#### What is expected
Leaving the pictures aside, write out the whole listing below exactly.

#### Provided records
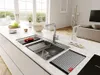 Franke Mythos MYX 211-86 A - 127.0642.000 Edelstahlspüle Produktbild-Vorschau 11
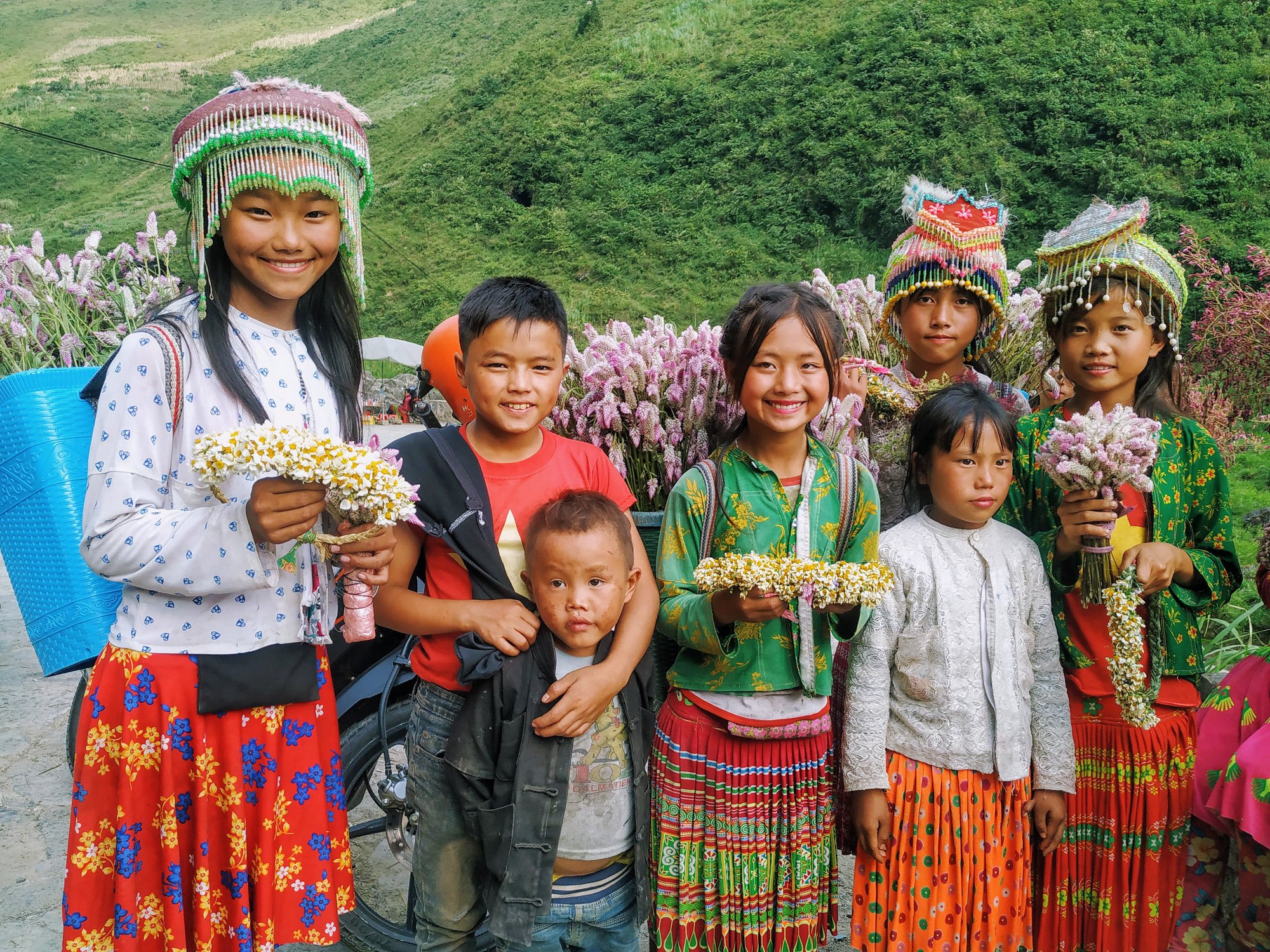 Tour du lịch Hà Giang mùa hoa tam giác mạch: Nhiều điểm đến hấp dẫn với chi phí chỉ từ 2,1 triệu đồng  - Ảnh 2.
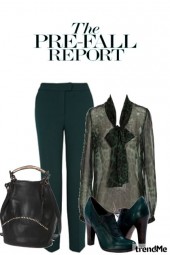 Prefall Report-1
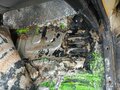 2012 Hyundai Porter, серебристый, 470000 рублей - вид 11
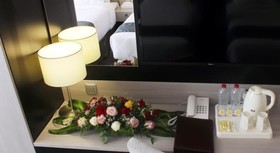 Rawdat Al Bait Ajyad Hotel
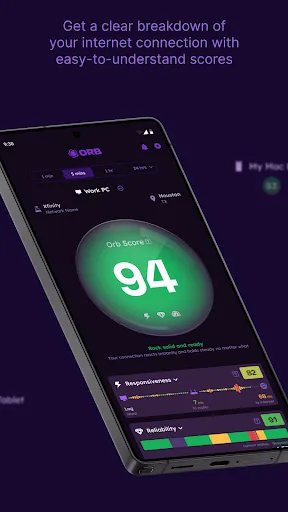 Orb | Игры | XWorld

#### Response to this exercise
 Franke Mythos MYX 211-86 A - 127.0642.000 Edelstahlspüle Produktbild-Vorschau 11
 Tour du lịch Hà Giang mùa hoa tam giác mạch: Nhiều điểm đến hấp dẫn với chi phí chỉ từ 2,1 triệu đồng  - Ảnh 2.
 Prefall Report-1
 2012 Hyundai Porter, серебристый, 470000 рублей - вид 11
 Rawdat Al Bait Ajyad Hotel
 Orb | Игры | XWorld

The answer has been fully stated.